### Your objective
Your job is to print, exactly, the lines in the data below from the line with "دوره کاشت مو" through the line with "面部皮膚敏感紅腫示意圖：女性兩頰泛紅、以手觸摸臉頰皺眉，背景為綠色植物", both included, and to omit any picture.
[Provided material Boundary: Start]
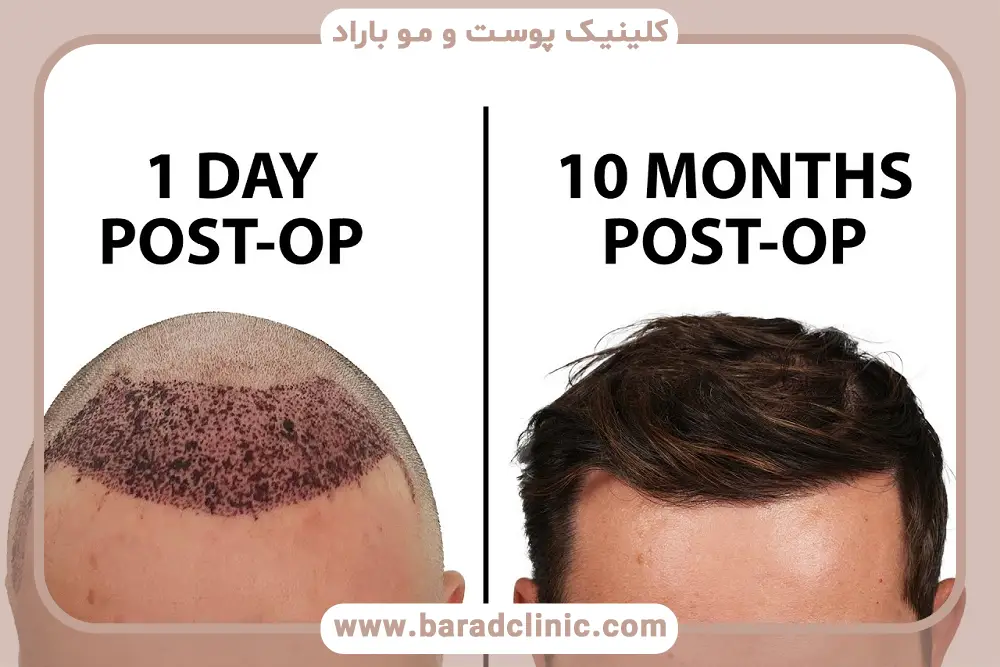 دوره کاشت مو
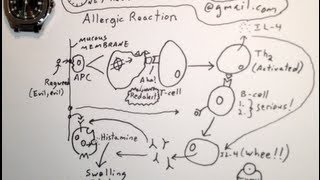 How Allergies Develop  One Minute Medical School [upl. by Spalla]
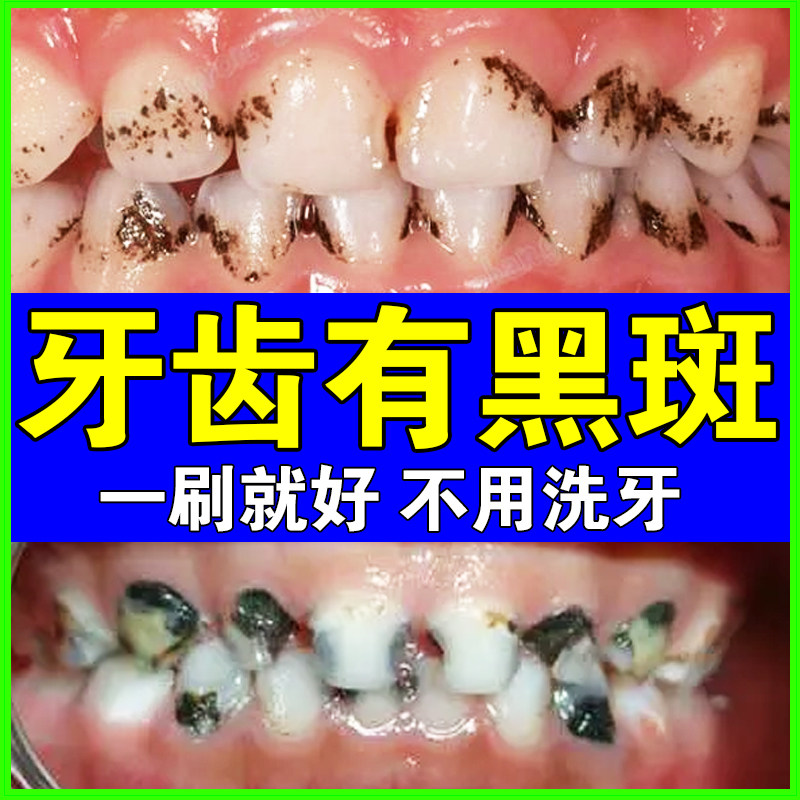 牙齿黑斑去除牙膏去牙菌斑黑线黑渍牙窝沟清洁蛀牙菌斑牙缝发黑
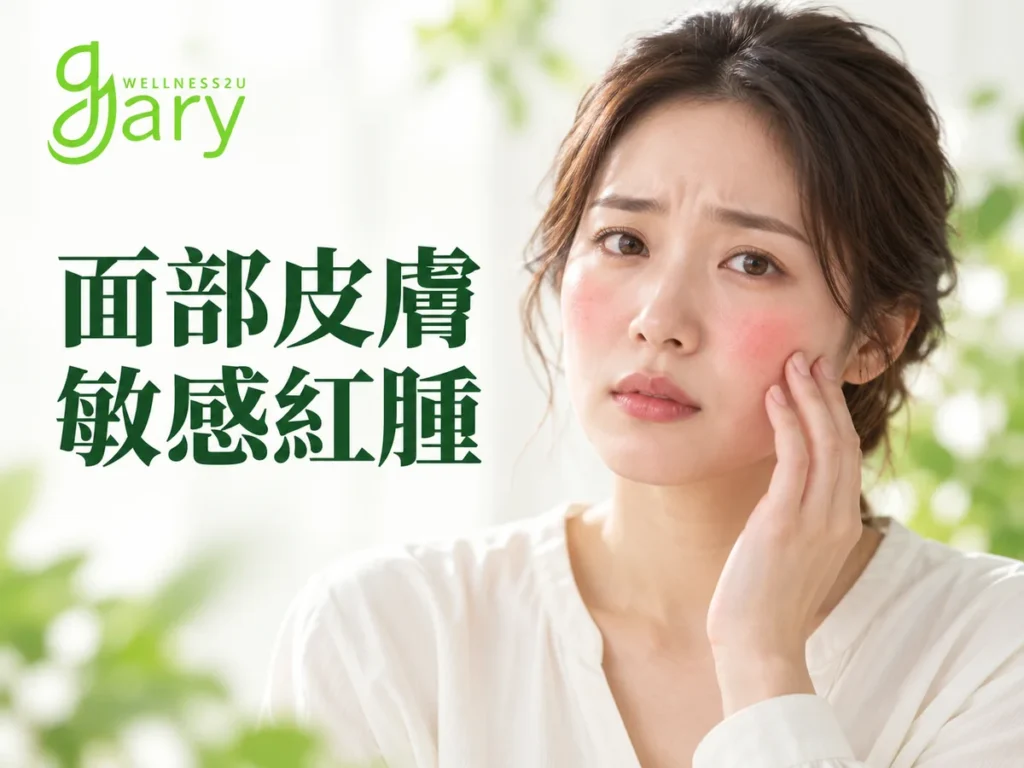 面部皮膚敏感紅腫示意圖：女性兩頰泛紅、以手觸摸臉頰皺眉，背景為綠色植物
[Provided material Boundary: End]
[Provided material Boundary: Start]
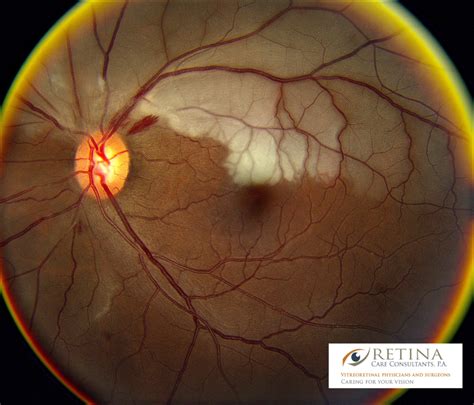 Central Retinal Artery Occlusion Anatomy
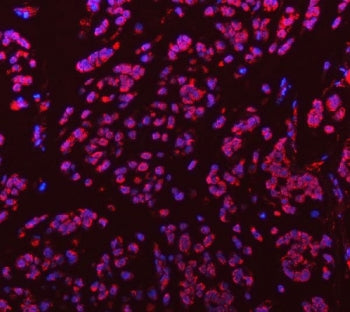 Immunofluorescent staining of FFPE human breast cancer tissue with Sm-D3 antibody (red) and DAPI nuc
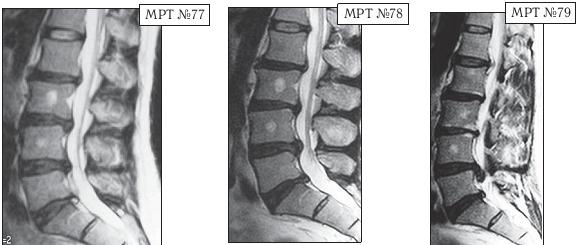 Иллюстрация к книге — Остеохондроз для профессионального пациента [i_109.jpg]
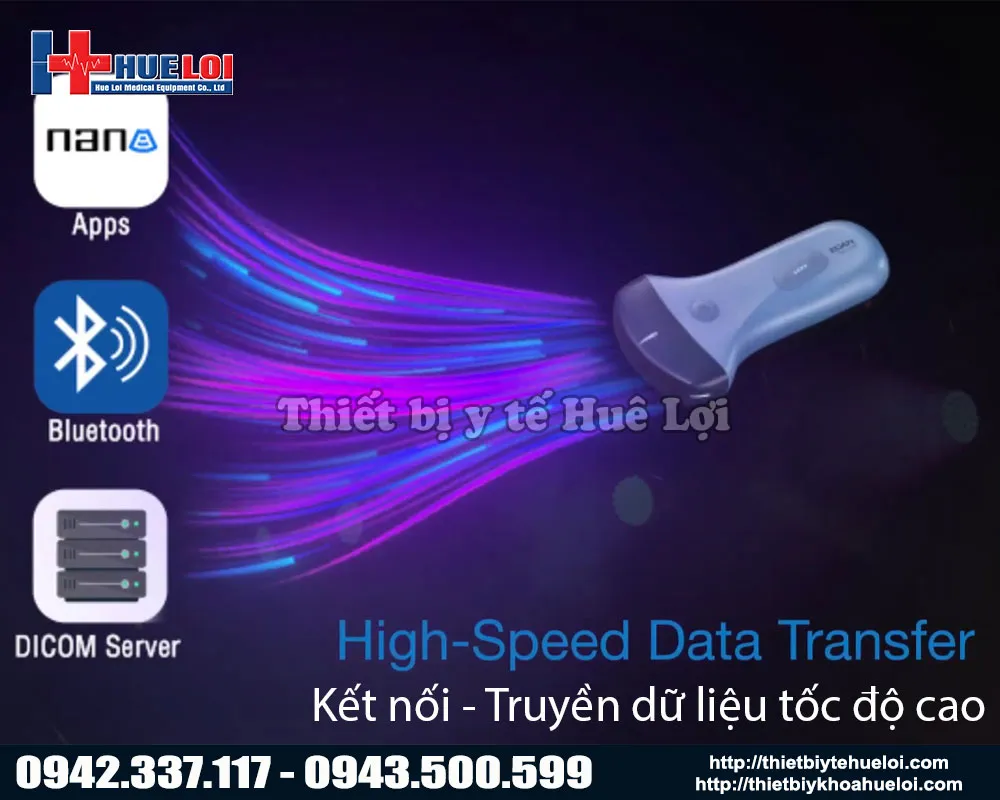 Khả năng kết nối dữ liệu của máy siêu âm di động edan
[Provided material Boundary: End]
### Task output
 دوره کاشت مو
 How Allergies Develop  One Minute Medical School [upl. by Spalla]
 牙齿黑斑去除牙膏去牙菌斑黑线黑渍牙窝沟清洁蛀牙菌斑牙缝发黑
 面部皮膚敏感紅腫示意圖：女性兩頰泛紅、以手觸摸臉頰皺眉，背景為綠色植物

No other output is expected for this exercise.